Las risas se apoderaron
de la cocina y sus miradas quedaban hipnotizadas y entrelazadas.
Sonó el timbre.
Bruscamente además. De los ojos de Consuelo saltaron lágrimas al vacío. Anselmo
torció el gesto, dejó la comida en la mesa y fue a abrir la puerta.
-Señor Costa y señora
Velázquez, venimos a desahuciarles de su vivienda, rogamos no pongan
impedimento –dijo un hombre en el rellano junto a un policía local.
-No somos asesinos ni
traficantes, somos dos pobres ancianos, déjenos vivir, se lo imploro
–arrodillado pedía clemencia.
Consuelo corrió al
encuentro para intentar convencerles pero lo único que halló fue un empujón a
su marido que tumbó al suelo formándole una pequeña herida en la cabeza.
-¡No tienen ustedes
vergüenza! –gritaba Consuelo.
Los ancianos no paraban
de llorar arrodillados en una esquina. Anselmo hasta tenía dificultades
respiratorias.
Un hombre de unos dos
metros de altura y de considerable anchura, entró por la puerta a espaldas del
policía local y el hombre trajeado.
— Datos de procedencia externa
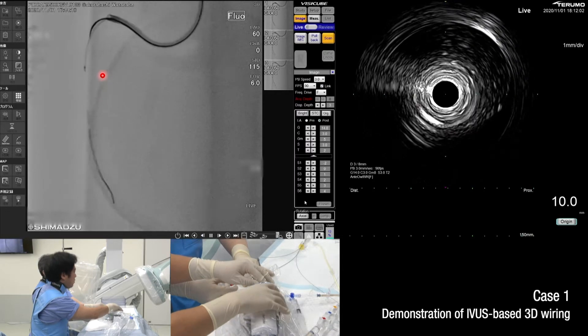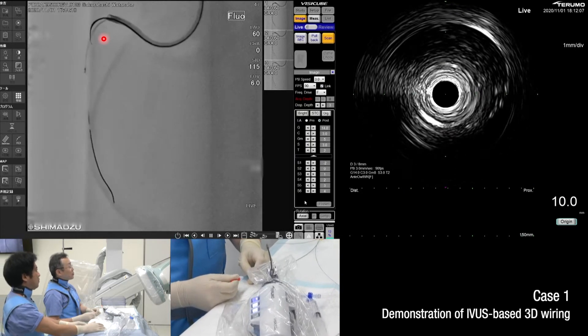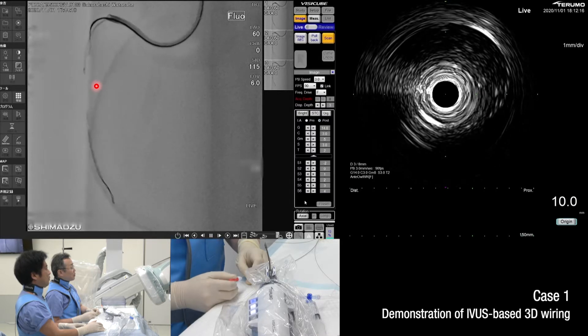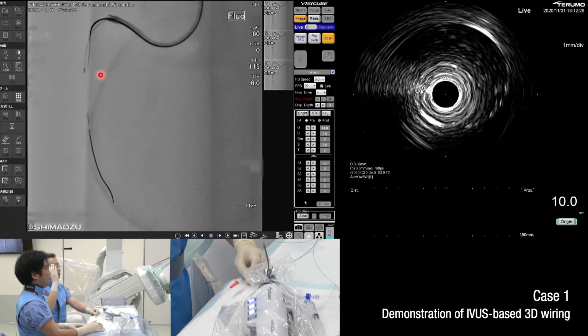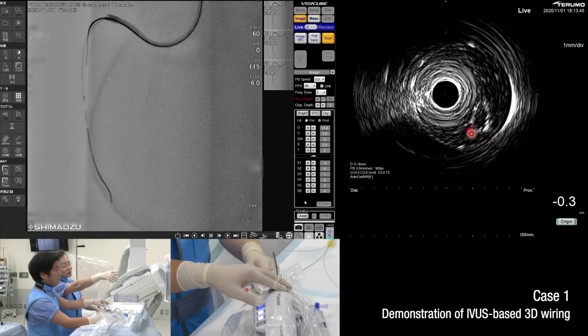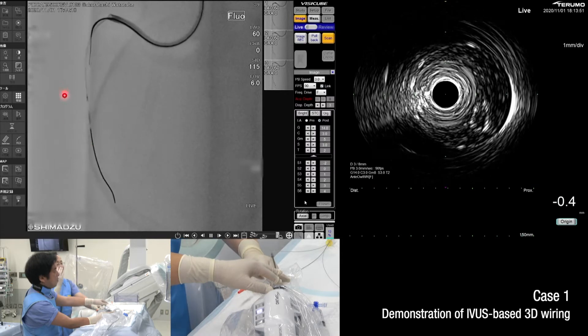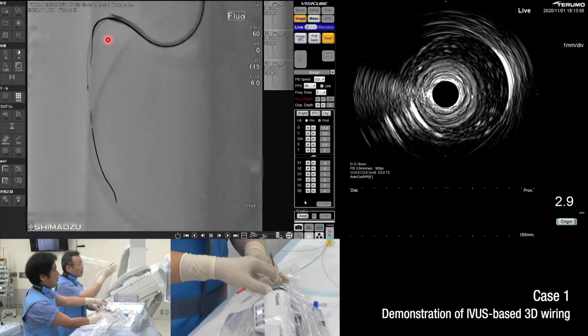I will pull back the IVUS transducer one centimeter proximal. Now I will advance the guide wire to the IVUS transducer level angiographically in 2D. After that, I will check the location using the IVUS. I advance the guide wire one centimeter before the target using the tip detection method. On the IVUS image, the target is at 5 o'clock, but on the fluoroscopy image you cannot yet determine where the target is.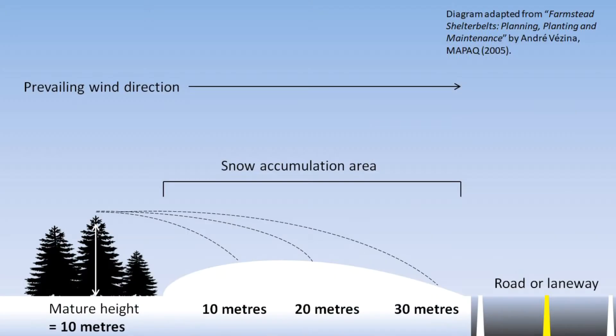A living snow fence is a row or a few rows of trees planted 30 to 60 meters back from the road to provide protection in the winter months, keeping snow and wind from reaching the road. The rows of trees need to be set back from the road so that snow drifts accumulate on the lee side of the trees and keep the road clean in winter.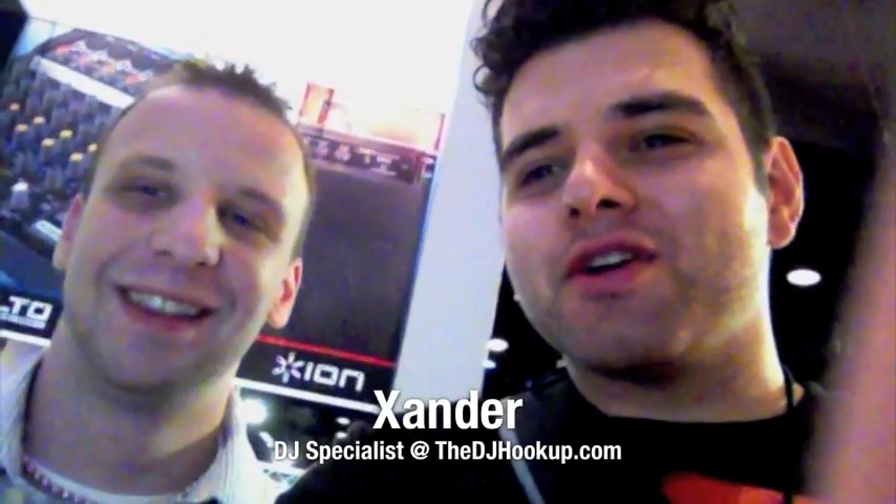What's going on? This is Xander from thedjhookup.com. I'm standing here with my man Matt, technical supervisor at Newmark. You might have heard of them. We're about to go through a few of the products that are coming out at this summer 2011 NAMM show. So here we go.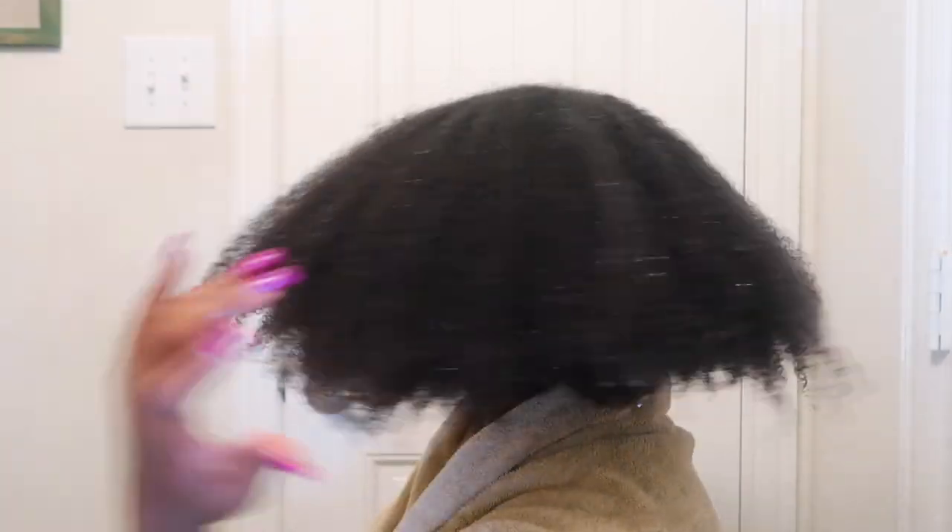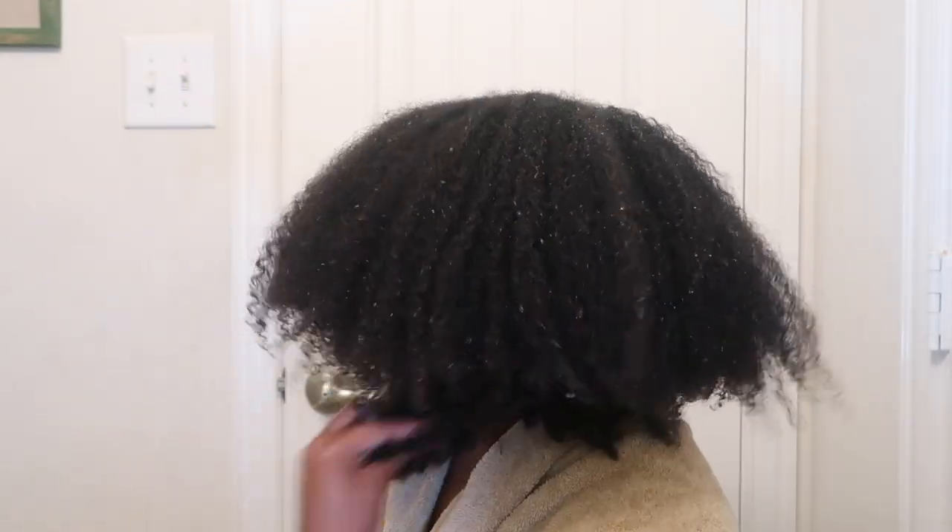I highly recommend it — let me show you the back. I'm going to go ahead and section my hair off and blow dry it. I purchased it from my local Walmart, but I'm pretty sure you can find it just about anywhere. Check it out — everything will be linked in the description box below. Thank you so much for watching, take care, bye!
Cerró la misma muy suavemente y extrajo de
dentro de su negra gabardina una pistola con silenciador. Disparó al cráneo del
agente y acto seguido al del hombre trajeado, cayendo éstos al suelo ante la
atónita mirada del matrimonio mayor.
El hombre enfundó el
arma y sacó un teléfono móvil. Se quitó los guantes y marcó un número.
-Jume, soy Pompei.
Manda al equipo de limpieza al número 24 de la calle Infinito. Otro desahucio
evitado sin mayores problemas.
Colgó el teléfono y lo
introdujo en el bolsillo interior de la gabardina.
-Señora, señor, es un
placer haber evitado una injusticia más. No se preocupen por los cadáveres,
quedará limpito como una patena –sonrió-. Los Ángeles les saludan y les desean
una feliz vida.
Y sin más, abrió la
puerta y desapareció entre la nada. Anselmo y Consuelo se abrazaron en el suelo,
se besaron con las manos entrelazadas y vida en sus miradas.